All four are correct. Three are amortized O(1). One is amortized O(n). The chapter is the difference between those two outcomes, and the proof of why three different libraries, measuring the same operation, landed on three different constants.

The proof in one paragraph#

Take a fresh dynamic array with starting capacity 1 and growth factor b > 1. Push n items. Each push either writes into an empty slot (cheap) or triggers a reallocation that copies every existing element into a fresh, larger buffer (expensive). The expensive case fires whenever size == cap, which happens when capacity has just doubled, tripled, or whatever-tupled to b^k for b^k ≥ n. Each reallocation copies the size at that moment: the i-th grow moves b^(i-1) elements. Sum the moves across all reallocations:

total_copies = b^0 + b^1 + b^2 + ... + b^(k-1)
             = (b^k - 1) / (b - 1)
             ≤ n / (b - 1)

Add the n writes-into-an-empty-slot, divide by n, and the amortized cost per push is at most b / (b - 1). For b = 2 that's two element-moves per push. For b = 1.5 it's three. For b = 1.125 (CPython's effective factor) it's nine.^[1]^[2] Every value is a constant in n. The total work for n pushes is Θ(n) regardless of which growth factor you pick, as long as b > 1.

Drop the b > 1 precondition and the proof collapses. With arithmetic growth, where reallocation adds a constant c slots, the i-th grow copies (i × c) elements, the sum is Θ(n^2/c), and the per-push amortized cost becomes Θ(n). A million-element loop pays half a trillion element-moves. This is why no production library uses arithmetic growth.^[3]

CLRS §16.4 proves the same b = 2 bound via the potential method. Define Φ(D) = 2 × num_elements - capacity. A push that doesn't grow leaves capacity alone and increases num by one, so ΔΦ = 2 and amortized cost = actual + ΔΦ = 1 + 2 = 3. A push that grows from capacity k to 2k does k + 1 actual work but drops Φ from k (the previously full table) to 2 (the just-doubled one), so amortized cost = (k + 1) + (2 - k) = 3. Two derivations, same number.^[3:1]
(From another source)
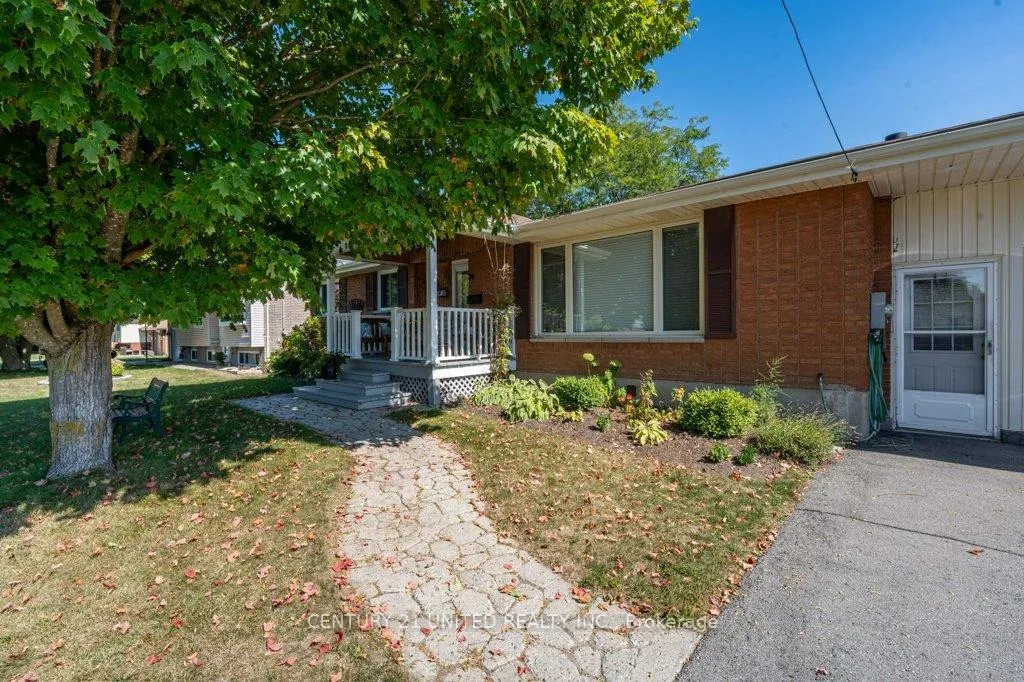 Photo 3 of 74 Rodgers Drive, Stirling-Rawdon, Stirling Ward — HOMEH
How fast capacity actually grows#

The Mermaid below traces a reference dynamic array from cap = 1 with b = 2, pushing eight items:

Three reallocations across eight pushes; capacity doubles each time it fills. The first ten doublings cover capacities 1, 2, 4, 8, 16, 32, 64, 128, 256, 512, 1024, so a 1024-push loop triggers ten grows.

The reference implementation parameterizes the growth factor as a rational growth_num / growth_den so you can plug in 2/1, 3/2, or 9/8 and watch the same template produce the four production policies. Python is the canonical text:

Solution code for 01-dynamic-array-internals/dynarr is not yet available.
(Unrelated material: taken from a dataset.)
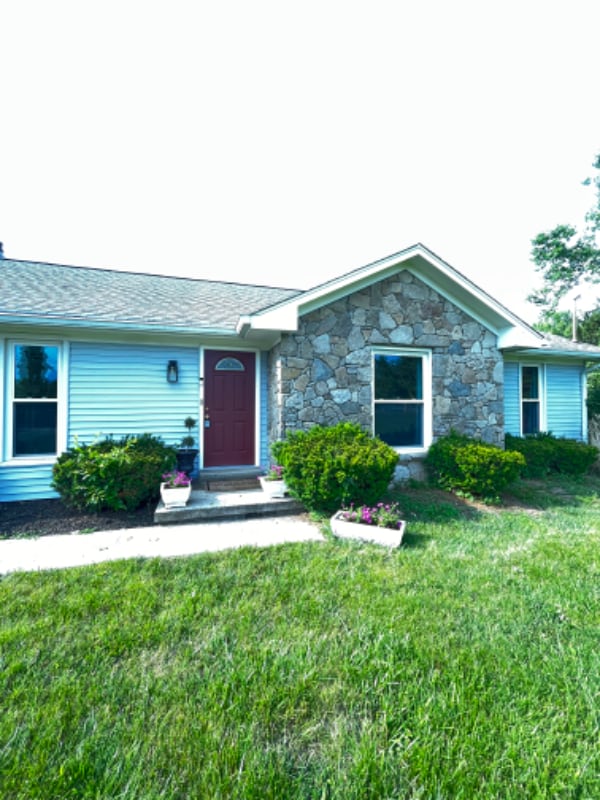 Building Photo - 3905 Carriage Hill Dr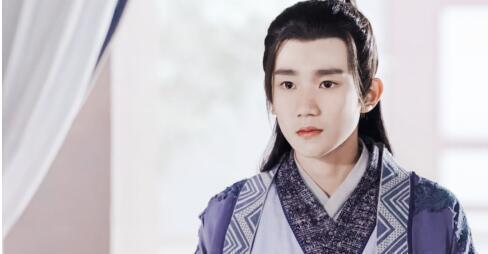  鞋跟|王源虚报身高？这一细节出卖了自己，网友：这鞋跟10厘米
The if new_cap <= self._cap guard catches a real bug. Apply factor 1.125 to capacity 1 and the integer-arithmetic formula returns 1; no growth, and the next push loops forever. Real libraries handle this with a separate small-list policy (CPython jumps from 0 to 4 to 8 before the asymptotic 1.125 takes over). The reference implementation just ratchets up by one when the factor would round to a no-op.

A loop that pushes 1000 elements through this template with b = 2 triggers ten reallocations and copies 1023 elements total. Run the same loop with b = 1.125 and you get about 80 reallocations copying ~9000 elements. Both are O(n). The constants differ by 9x, and that 9x is the entire reason different libraries pick different factors.

Five libraries, five different answers#

Every standard library that ships a dynamic array picks b > 1. Each picked something different.

Implementation	Growth factor	Default initial cap	Source
Java OpenJDK `ArrayList`	1.5x via `oldCapacity >> 1`	10 (lazy)	OpenJDK `ArrayList.java`^[4]
CPython `list`	~1.125x via `(newsize + (newsize >> 3) + 6) & ~3`	0	CPython `Objects/listobject.c`^[1:1]
C++ libstdc++ `std::vector`	2x ("Grow by (at least) doubling")	0	GCC `bits/stl_vector.h`^[5]
C++ libc++ `std::vector`	2x via `max(2 × cap, new_size)`	0	LLVM `__vector/vector.h`^[6]
C++ MSVC `std::vector`	1.5x via `oldCap + oldCap/2`	0	Microsoft STL `inc/vector`^[7]
Folly `FBVector`	1.5x	configurable	Facebook Folly `FBVector.md`^[8]
Go slice (1.18+)	2x below 256, smoothing toward 1.25x above	varies	Go `runtime/slice.go`^[9]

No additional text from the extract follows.